75See judgment of 4 October 2024, Real Madrid Club de Fútbol (C‑633/22, EU:C:2024:843, paragraph 49 and the case-law cited). Furthermore, in accordance with Article 52(3) of the Charter, the rights contained in the Charter have the same meaning and scope as the corresponding rights guaranteed by the Convention for the Protection of Human Rights and Fundamental Freedoms, signed in Rome on 4 November 1950 (‘the ECHR’), without preventing EU law from providing more extensive protection. When interpreting Article 11 of the Charter, the Court must therefore take account of the corresponding rights guaranteed by Article 10 ECHR, as interpreted by the European Court of Human Rights, as a minimum threshold of protection. In that regard, it follows from the settled case-law of that Court that exceptions to the freedom of expression are to be construed strictly and that Article 10(2) ECHR leaves little scope for restrictions on freedom of expression in the fields of political speech and matters of public interest (see, to that effect, judgment of 4 October 2024, Real Madrid Club de Fútbol, C‑633/22, EU:C:2024:843, paragraphs 51 to 53 and the case-law cited).

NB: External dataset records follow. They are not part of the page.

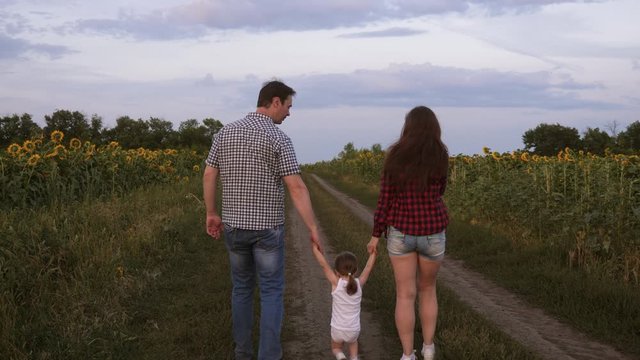 little daughter jumping holding hands mom and dad. Family with small child walks along road and laughs next to field of sunflowers. Mom, dad and daughter are resting together outside city in nature.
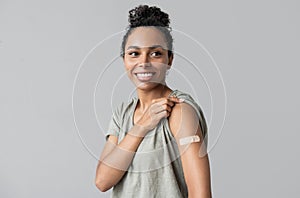 Portrait of a mixed race female girl with plaster on her arm after getting a vaccine.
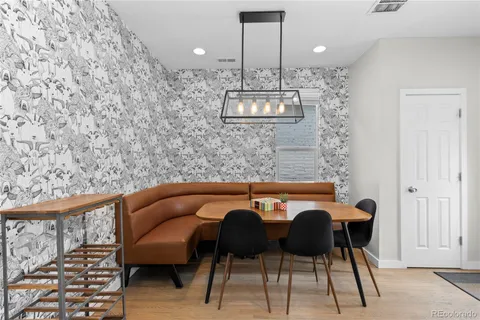 a view of a dining room with furniture and wooden floor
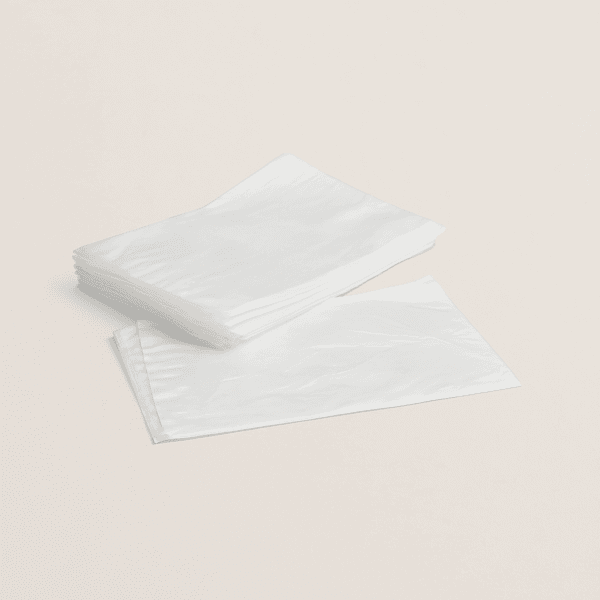 Bolsa blanca desechable para tratamientos de sudoración de manos durante de manicura en centros de estética.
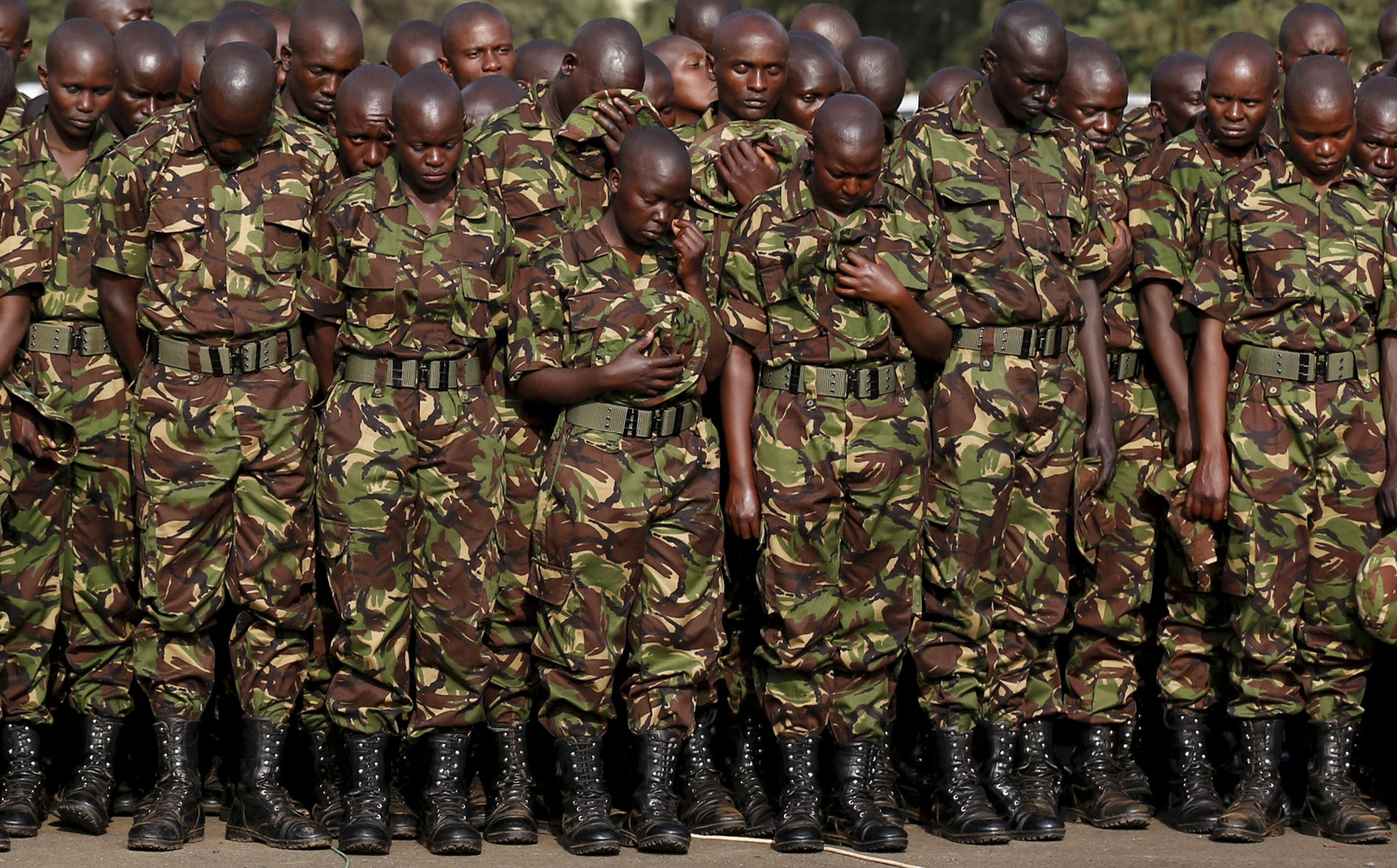 Members of the Kenya Defence Forces attend prayers to pay respects to the Kenyan soldiers serving in the African Union Mission in Somalia (AMISOM), who were killed in El Adde during an attack, at a memorial mass at the Moi Barracks in Eldoret, in this January 27, 2016 file photo. As many as 200 soldiers were killed in an attack on a Kenyan military camp in Somalia by al Shabaab Islamists last month, Somali President Hassan Sheikh Mohamud told a television station, although Kenya rejected the figure. Kenyan authorities have refused to give a death toll following the Jan. 15 raid, which targeted troops working under the African Union Mission in Somalia (AMISOM) near the southern Somali town of El Adde. REUTERS/Thomas Mukoya/Files TPX IMAGES OF THE DAY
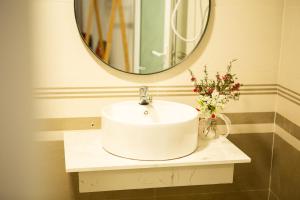 un bagno con un lavandino bianco e uno specchio di Lahill I Cozy Home I Best View a Xuan An Altre 54 foto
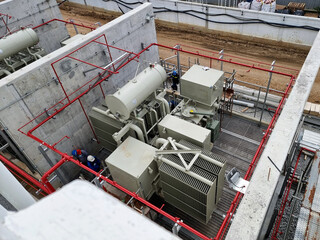 Power plant construction, the activity of workers at power transformer area.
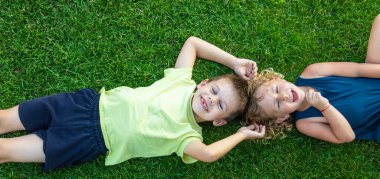 Çocuk yeşil çimlerin üzerinde yatıyor. Çocuk kameraya bakıyor.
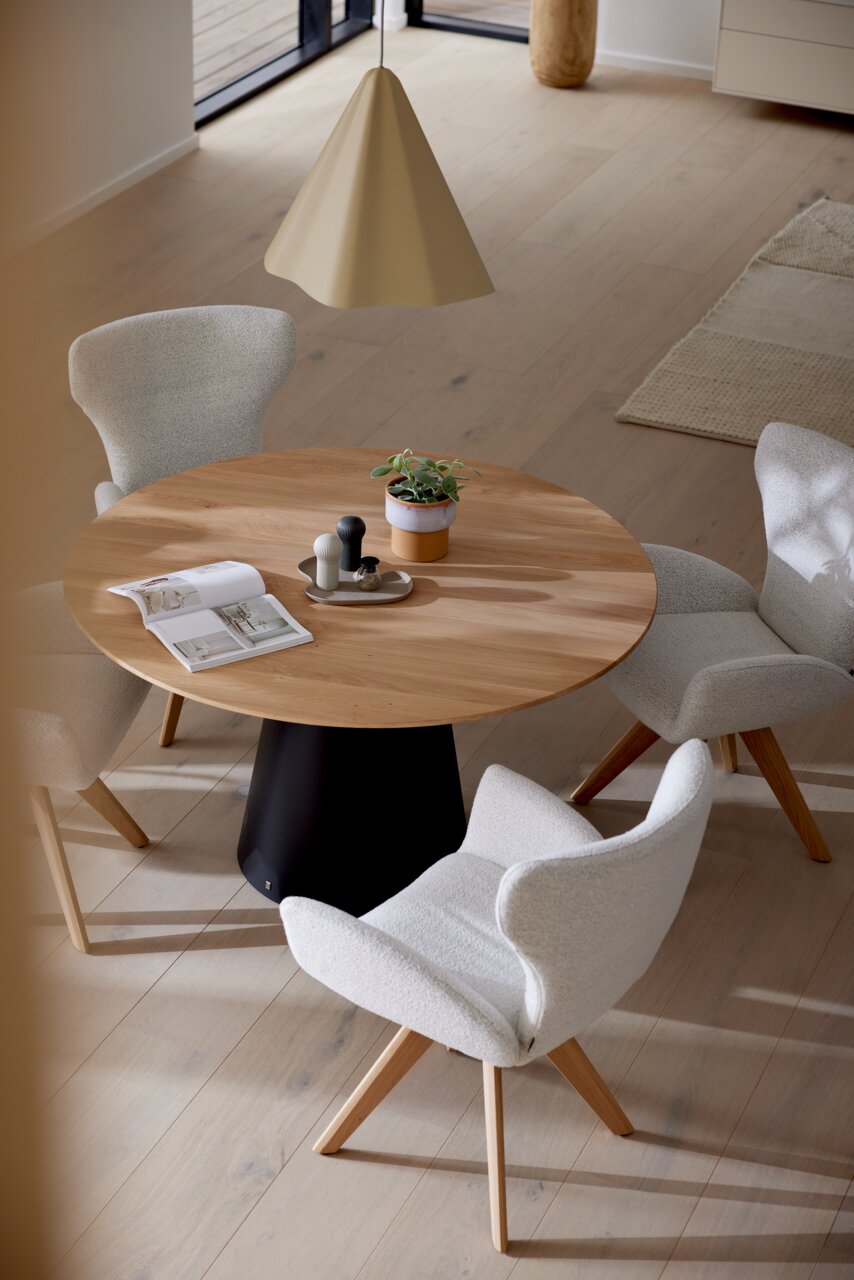 Runder Esstisch mit Holzplatte und schwarzem Sockel, umgeben von vier gepolsterten Armlehnstühlen in einem modernen Esszimmer, aus der Vogelperspektive.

76The Commission, supported by the interveners, refers, in particular, to the Opinion of the Council of Europe Commissioner for Human Rights of 2011 on Hungary’s media legislation; to the publication entitled ‘The independence of media regulatory authorities in Europe’ of 2019 of the European Audiovisual Observatory; to the Commission’s 2021 Rule of law report ; to the ‘Memorandum on freedom of expression and media freedom in Hungary’ of 2021 by the Council of Europe Commissioner for Human Rights; to the 2022 Report of the United Nations Special Rapporteur on the promotion and protection of the right to freedom of opinion and of expression; to the ‘Media Pluralism Monitor’ of 2023 of the Centre for Media Pluralism and Freedom; and also to the reports of the Mérték Media Monitor. Those publications refer, in particular, to the lack of plurality in the composition of the Media Council, whose decisions are taken, in essence, by the majority party of the Hungarian Parliament.
77See in particular, to that effect, judgment of 5 June 2023, Commission v Poland (Independence and private life of judges) (C‑204/21, EU:C:2023:442, paragraph 139).
78I refer, in particular, to any factual or statistical data showing the importance of Klubrádió, which, moreover, is a radio station broadcasting in a single (albeit important) area, the Budapest area, in the panorama of the media in Hungary, taking into account all the radio stations or media in that country.
79In this instance, I refer, first, to the breach of the obligation to communicate monthly data relating to broadcasting quotas, which was the subject matter of the refusal decision, and, second, to the lack of precision concerning the programming schedule, which was the subject matter of the invalidity decision.
80I refer, in that regard, to the existence of negative equity in Klubrádió’s accounts, which was the subject matter of the invalidity decision, which, as stated in point 81 of this Opinion, could readily be offset by crowdfunding.